Разговоры моих спутников как-то сами по себе пошли на убыль.
Все стали прислушиваться к рассказу Данилы. Все придвинулись к стойке, за которой он стоял, как за кафедрой. Кто-то отпил из стакана, и глоток прозвучал как выстрел.
— Так вот. Учитель истории возвращался под вечер в Крагуевац.
И немецкое охранение задержало его. То ли немцы пожалели его, то ли не хотели с ним возиться. Но ему сказали: «Уноси ноги. Там тебе будет нехорошо!» — «Там мои ученики!» — возразил Учитель.
«Их скоро не будет. Ни одного! Уходи!» Упрямый Учитель продолжал стоять на своем: «Я учил их. Я должен быть с ними!» Он так надоел немцам, что они решили: черт с ним, если ему хочется умереть, пусть идет!
Он боялся опоздать и всю дорогу бежал, и когда попал в Крагуевац, то еле держался на ногах. А там уже сгоняли людей в колонну. И кричали: «Шнеллер, шнеллер!» И слышался плач детей.
Он был учителем в пятом классе. Он отыскал свой класс. Собрал всех своих учеников. И они построились парами, как строились, когда шли на урок. И к этому пятому классу пристроилось еще много детей, потому что когда рядом учитель, не так страшно.
«Дети, — сказал Учитель, — я учил вас истории. Я рассказывал вам, как умирали за Родину настоящие люди. Теперь пришел наш черед.
Не плачьте! Поднимите голову выше! Идемте! Начинается ваш последний урок «истории».
И пятый класс пошел за своим Учителем.
Вино стало горьким. Мне захотелось немедленно отправиться в город-крепость, где сейчас тускло горели фонари, висящие на цепях, и ставни были закрыты. Мне хотелось отыскать знакомый «партизанский отряд» и поговорить с «Учителем истории». Он был необходим отряду, как подрывник, автоматчик, гранатометчик. Без него война не война. Но, вероятно, в этот час маленький «Учитель истории»
спал вместе с остальными «бойцами», отправленными мамами в постель.

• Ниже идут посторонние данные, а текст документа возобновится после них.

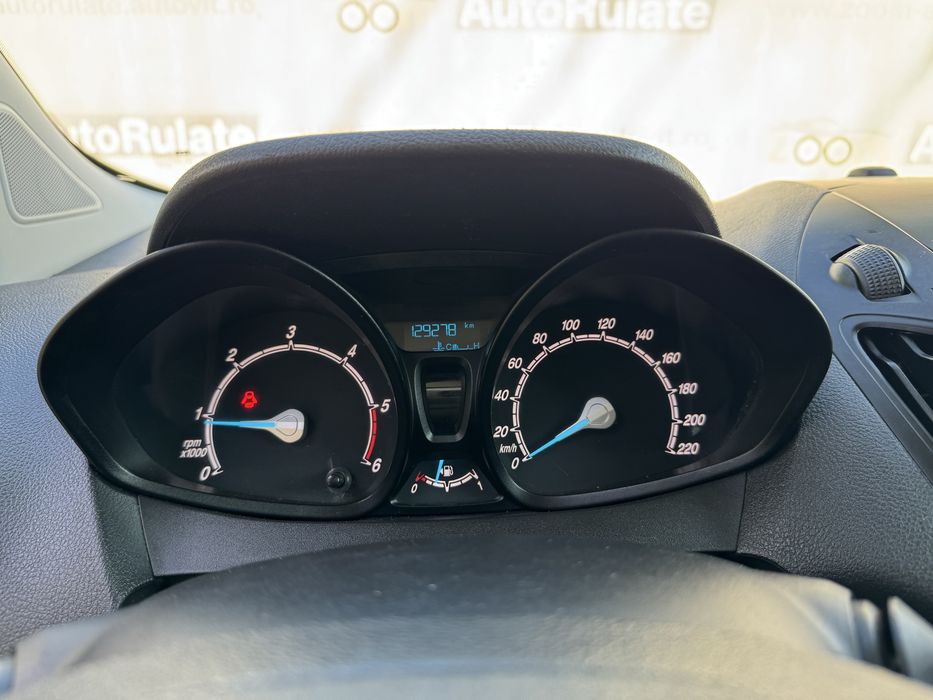 Ford Transit Courier 2020 1,5 tdci 129.000km usor avariat 3999euro+TVA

А утром мы двинулись дальше. В Сплит.
Автобус мчался вперед по изрезанному скалистому берегу Адриатического моря, огибая бухты, фьорды, лиманы. И слева — со стороны моря — стекла автобуса были устойчиво голубыми.
В пути ко мне подошел Иосиф Ионович и спросил, не запомнил ли я имя Учителя истории из Крагуевац. Но партизан Данила вообще не называл его имени.
— Жаль, — сказал наш учитель, — ведь его судьба очень схожа с судьбой Януша Корчака. Надо бы узнать его имя.
Но до конца путешествия так и не удалось узнать имя учителя пятого класса. Все называли его просто Учитель истории.
Вперед, туристы! Ни минуты отдыха! Неужели вы завалитесь спать, не посмотрев дворца римского императора Диоклетиана! Говорят, сохранились сфинксы (по-хорватски — сфинги) Рамзеса Третьего. Мы бросаем чемоданы.
И вдруг!
— Трах! Трах! Tax! Ба-бах!
Стайка мальчишек с деревянными ружьями. Добрдень! Здравствуйте! Неужели наши дубровниковские знакомые примчались за нами, проделав путь в четыреста километров? И лица такие же.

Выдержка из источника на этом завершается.